MATERIAL FOR THIS TASK START

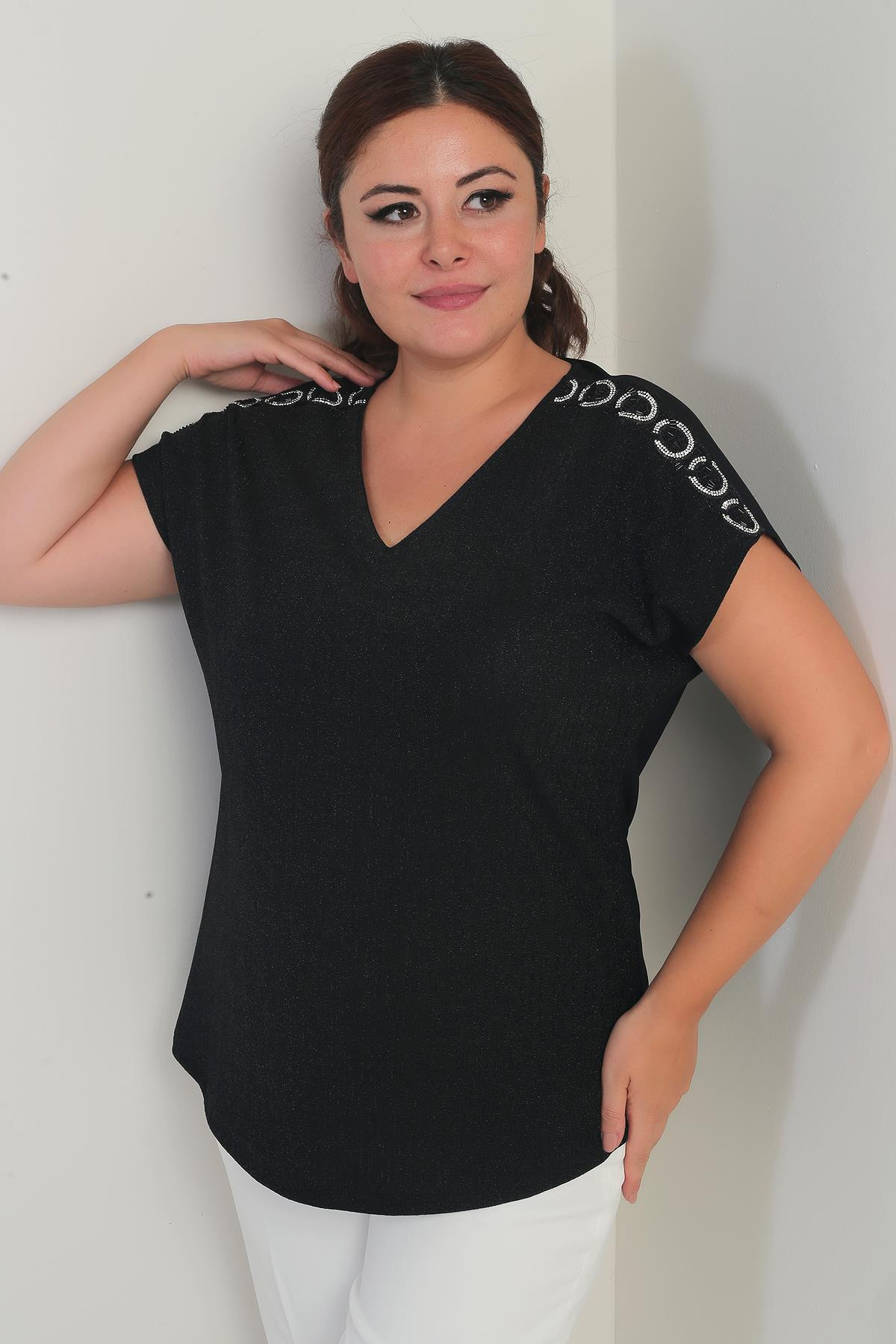 S-25Y1830019Kadın V Yaka Önü Simli Omuzları Taş-Boncuk İşlemeli Büyük Beden Likralı Bluz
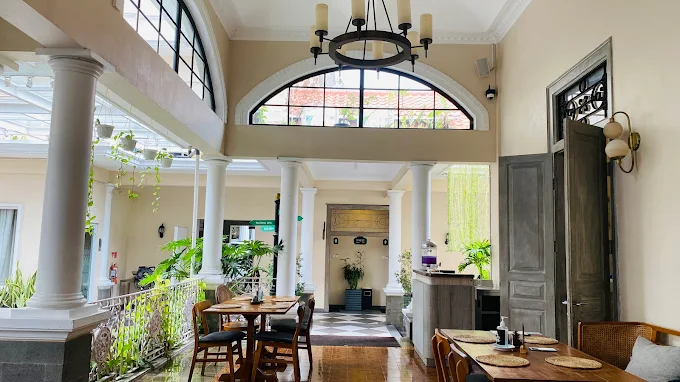 Canting Londo Kitchen, cafe kekinian yang menyajikan menu nusantara dan internasional,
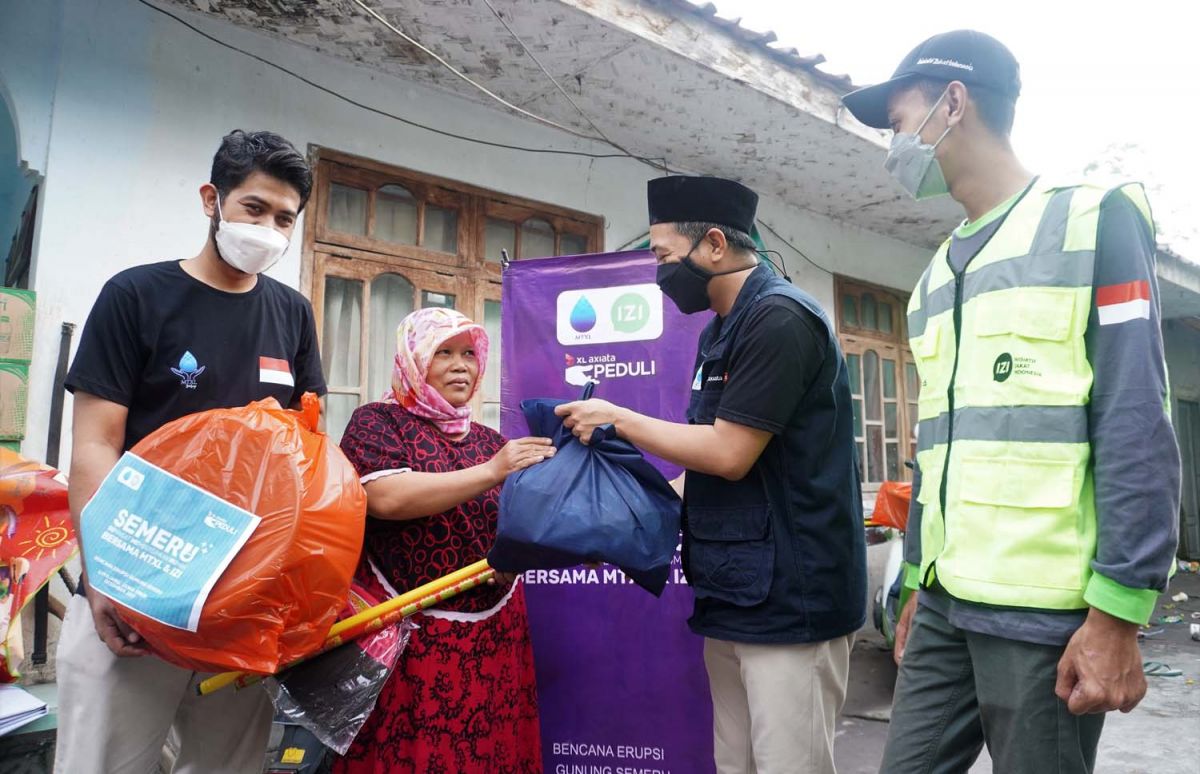 Karyawan XL Axiata kirim bantuan untuk warga terdampak erupsi Gunung Semeru di Lumajang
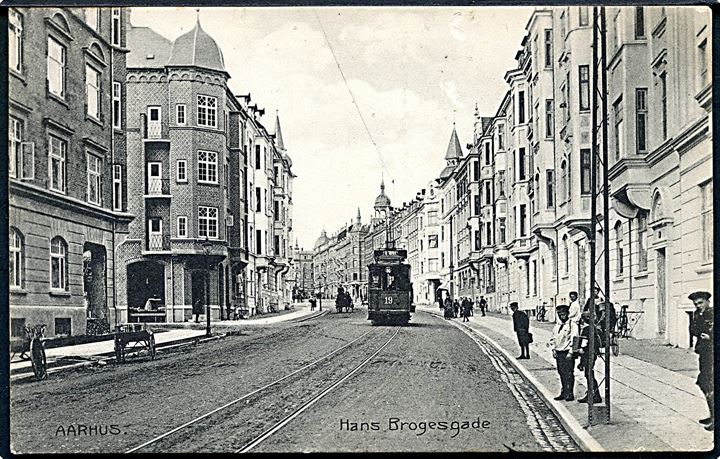 Aarhus. Hans Brogesgade med Sporvogn no. 19. Stenders no. 12477. 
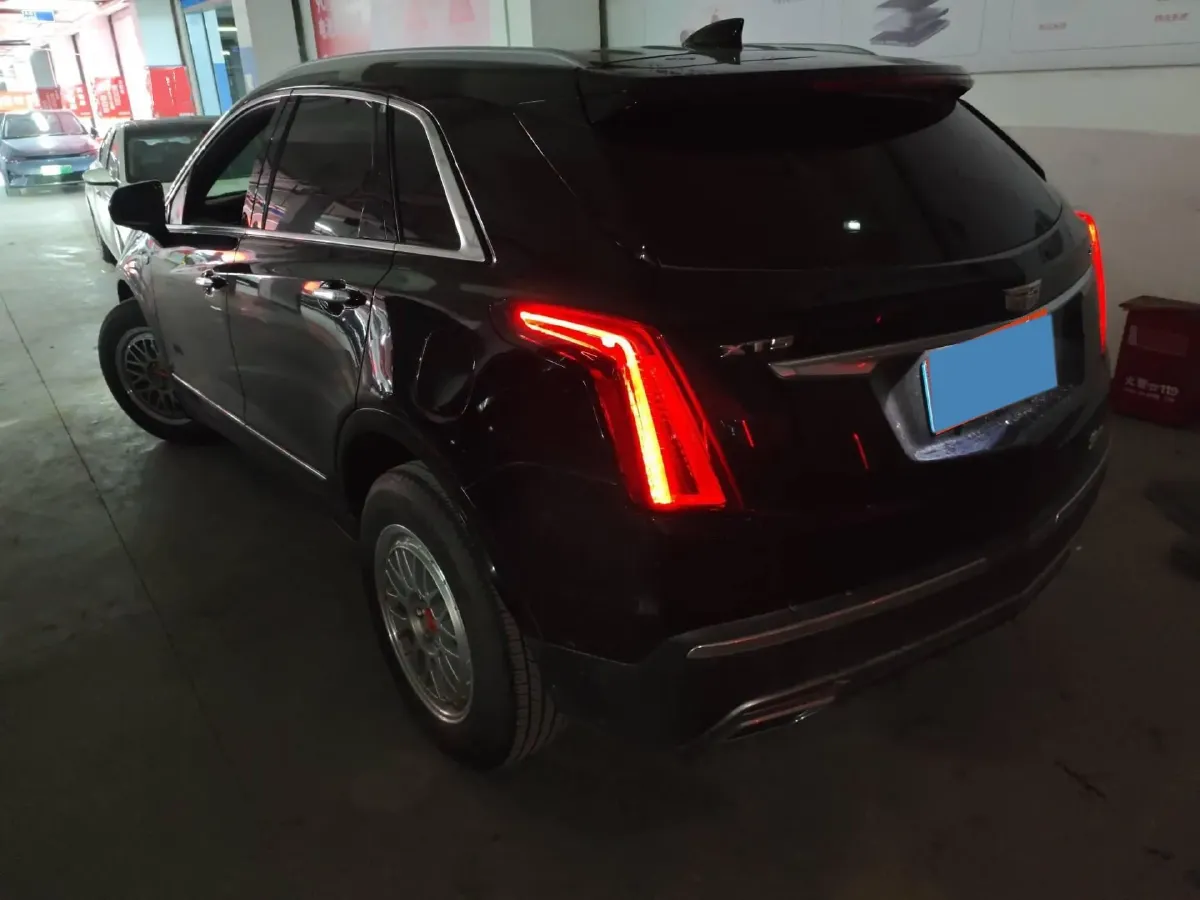 2022 Cadillac XT5 2.0T 237HP L4 9AT,autocango,china used car exporter,china ev exporter,chinese used car exporter,chinese used ev exporter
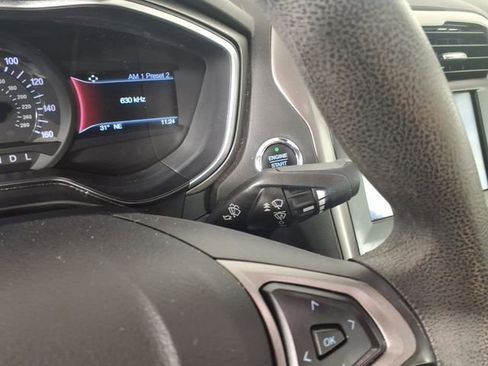 Used 2020 Ford Fusion SE image 21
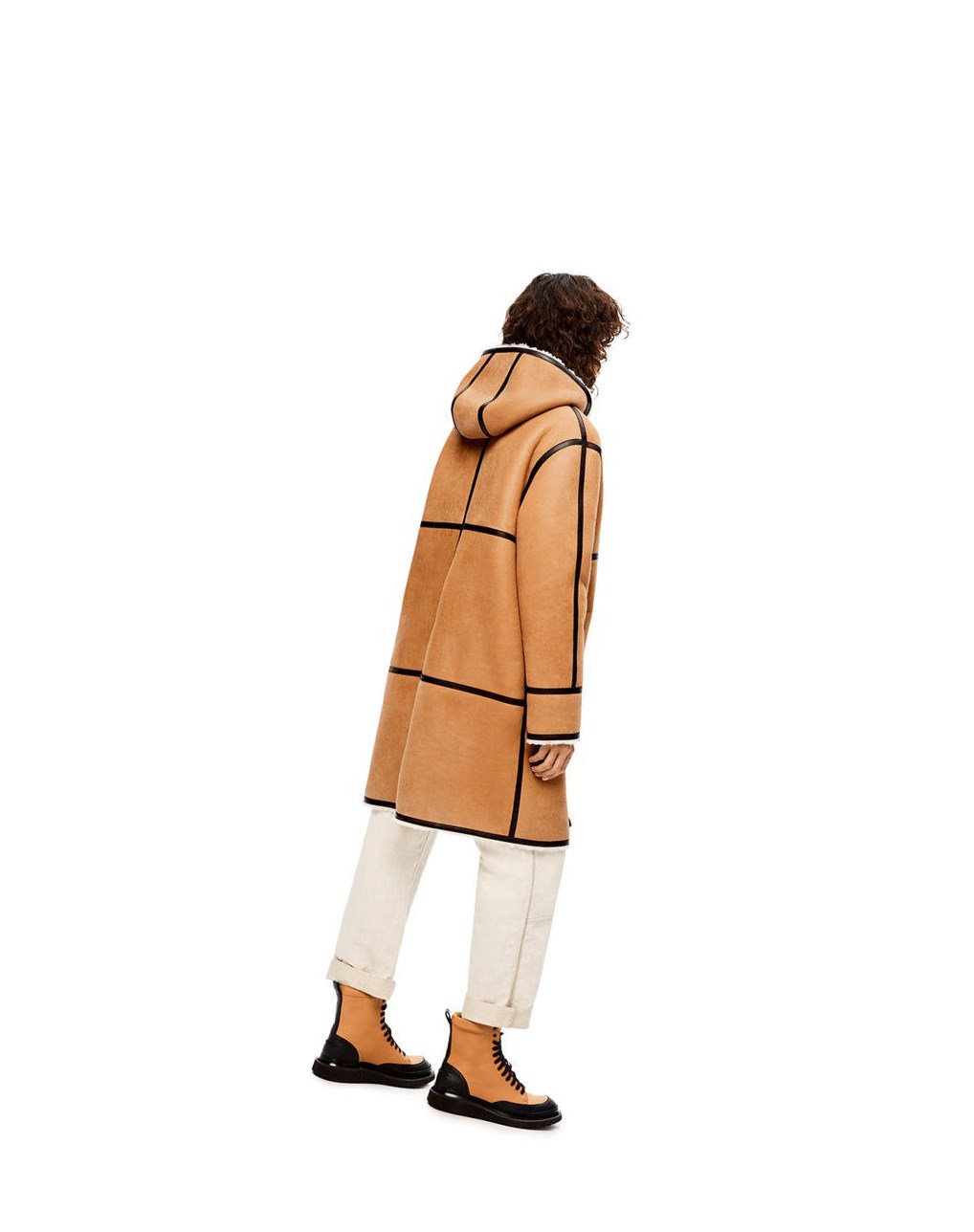 Loewe Encapuchonné coat in shearling Beige Marron Foncé | 4256RTLUH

MATERIAL FOR THIS TASK END

Omit the pictures. Print, word for word, the lines from the beginning of the entries above through the line that holds "Aarhus. Hans Brogesgade".

__SOLVED EXERCISE__
 S-25Y1830019Kadın V Yaka Önü Simli Omuzları Taş-Boncuk İşlemeli Büyük Beden Likralı Bluz
 Canting Londo Kitchen, cafe kekinian yang menyajikan menu nusantara dan internasional,
 Karyawan XL Axiata kirim bantuan untuk warga terdampak erupsi Gunung Semeru di Lumajang
 Aarhus. Hans Brogesgade med Sporvogn no. 19. Stenders no. 12477. 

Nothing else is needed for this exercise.